Unnamed: 0,PassengerId,Survived,Pclass,Name,Sex,Age,SibSp,Parch,Ticket,Fare,Cabin,Embarked
0,1,0,3,"Braund, Mr. Owen Harris",0,22.0,1,0,A/5 21171,7.25,,S
1,2,1,1,"Cumings, Mrs. John Bradley (Florence Briggs Th...",1,38.0,1,0,PC 17599,71.2833,C85,C
2,3,1,3,"Heikkinen, Miss. Laina",1,26.0,0,0,STON/O2. 3101282,7.925,,S
3,4,1,1,"Futrelle, Mrs. Jacques Heath (Lily May Peel)",1,35.0,1,0,113803,53.1,C123,S
4,5,0,3,"Allen, Mr. William Henry",0,35.0,0,0,373450,8.05,,S


In [30]:
# Fill the nan values in the age column
print(sum(pd.isna(passengers['Age'])))
passengers.fillna(passengers['Age'].mean(), inplace = True)
print(sum(pd.isna(passengers['Age'])))

177
0


## 3. Select and Split the Data

In [31]:
# Create a first class column
passengers['FirstClass'] = passengers['Pclass'].apply(lambda x: 1 if x == 1 else 0)
passengers.head()

Unnamed: 0,PassengerId,Survived,Pclass,Name,Sex,Age,SibSp,Parch,Ticket,Fare,Cabin,Embarked,FirstClass
0,1,0,3,"Braund, Mr. Owen Harris",0,22.0,1,0,A/5 21171,7.25,29.6991,S,0
1,2,1,1,"Cumings, Mrs.
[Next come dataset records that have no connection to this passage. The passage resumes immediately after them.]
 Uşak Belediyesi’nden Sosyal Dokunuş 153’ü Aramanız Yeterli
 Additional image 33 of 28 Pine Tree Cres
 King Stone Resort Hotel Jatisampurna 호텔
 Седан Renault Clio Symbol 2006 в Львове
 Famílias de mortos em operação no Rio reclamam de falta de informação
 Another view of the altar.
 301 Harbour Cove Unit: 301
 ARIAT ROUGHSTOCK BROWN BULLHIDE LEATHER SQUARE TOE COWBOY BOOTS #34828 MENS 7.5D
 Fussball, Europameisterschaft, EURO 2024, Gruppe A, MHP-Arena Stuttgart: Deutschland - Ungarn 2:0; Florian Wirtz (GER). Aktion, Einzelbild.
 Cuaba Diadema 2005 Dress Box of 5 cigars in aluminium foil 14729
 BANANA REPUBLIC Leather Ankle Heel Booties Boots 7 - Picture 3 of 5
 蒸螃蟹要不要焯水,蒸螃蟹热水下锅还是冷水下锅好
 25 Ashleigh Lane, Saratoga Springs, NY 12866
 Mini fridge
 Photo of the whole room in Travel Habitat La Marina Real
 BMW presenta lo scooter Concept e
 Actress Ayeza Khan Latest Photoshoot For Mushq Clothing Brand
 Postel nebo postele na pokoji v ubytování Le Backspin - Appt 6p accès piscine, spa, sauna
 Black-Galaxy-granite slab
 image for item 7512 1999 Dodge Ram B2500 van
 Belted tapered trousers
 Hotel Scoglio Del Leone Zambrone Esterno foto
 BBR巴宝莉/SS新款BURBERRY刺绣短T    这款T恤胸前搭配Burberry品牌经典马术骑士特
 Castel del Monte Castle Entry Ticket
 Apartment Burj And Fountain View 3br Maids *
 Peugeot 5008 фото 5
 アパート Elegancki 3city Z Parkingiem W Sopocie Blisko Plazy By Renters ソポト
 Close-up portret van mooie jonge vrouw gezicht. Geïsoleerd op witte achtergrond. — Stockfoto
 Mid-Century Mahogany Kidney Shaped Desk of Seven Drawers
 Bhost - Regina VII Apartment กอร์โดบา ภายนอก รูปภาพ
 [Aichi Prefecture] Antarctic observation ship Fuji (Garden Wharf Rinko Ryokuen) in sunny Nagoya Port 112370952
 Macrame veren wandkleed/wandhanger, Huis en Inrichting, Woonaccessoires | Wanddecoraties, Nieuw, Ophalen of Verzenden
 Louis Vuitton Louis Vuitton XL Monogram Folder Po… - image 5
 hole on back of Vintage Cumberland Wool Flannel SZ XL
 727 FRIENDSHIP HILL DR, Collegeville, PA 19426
John Bradley (Florence Briggs Th...",1,38.0,1,0,PC 17599,71.2833,C85,C,1
2,3,1,3,"Heikkinen, Miss. Laina",1,26.0,0,0,STON/O2. 3101282,7.925,29.6991,S,0
3,4,1,1,"Futrelle, Mrs. Jacques Heath (Lily May Peel)",1,35.0,1,0,113803,53.1,C123,S,1
4,5,0,3,"Allen, Mr. William Henry",0,35.0,0,0,373450,8.05,29.6991,S,0


In [32]:
# Create a second class column
passengers['SecondClass'] = passengers['Pclass'].apply(lambda x: 1 if x == 2 else 0)
passengers.head()

Unnamed: 0,PassengerId,Survived,Pclass,Name,Sex,Age,SibSp,Parch,Ticket,Fare,Cabin,Embarked,FirstClass,SecondClass
0,1,0,3,"Braund, Mr. Owen Harris",0,22.0,1,0,A/5 21171,7.25,29.6991,S,0,0
1,2,1,1,"Cumings, Mrs. John Bradley (Florence Briggs Th...",1,38.0,1,0,PC 17599,71.2833,C85,C,1,0
2,3,1,3,"Heikkinen, Miss. Laina",1,26.0,0,0,STON/O2. 3101282,7.925,29.6991,S,0,0
3,4,1,1,"Futrelle, Mrs. Jacques Heath (Lily May Peel)",1,35.0,1,0,113803,53.1,C123,S,1,0
4,5,0,3,"Allen, Mr. William Henry",0,35.0,0,0,373450,8.05,29.6991,S,0,0


In [33]:
# Select the desired features
features = passengers[['Sex', 'Age', 'FirstClass', 'SecondClass']]
survival = passengers[['Survived']]

# Perform train, test, split
X_train, X_test, y_train, y_test = train_test_split(features, survival, test_size = 0.8, random_state = 1314)

## 4. Normalize the Data

In [34]:
# Scale the feature data so it has mean = 0 and standard deviation = 1
scaler = StandardScaler()
X_train = scaler.fit_transform(X_train)
X_test = scaler.fit_transform(X_test)

## 5. Create and Evaluate the Model

In [35]:
# Create and train the model
model = LogisticRegression()
model.fit(X_train, y_train)

# Score the model on the train data
score_train = model.score(X_train, y_train)
print(score_train)

# Score the model on the test data
score_test = model.score(X_test, y_test)
print(score_test)

# Analyze the coefficients
print(list(zip(['Sex','Age','FirstClass','SecondClass'],model.coef_[0])))

0.8146067415730337
0.7798036465638148
[('Sex', 1.4543839141740265), ('Age', -0.12435876534238305), ('FirstClass', 0.8269874621661778), ('SecondClass', 0.4558759089913142)]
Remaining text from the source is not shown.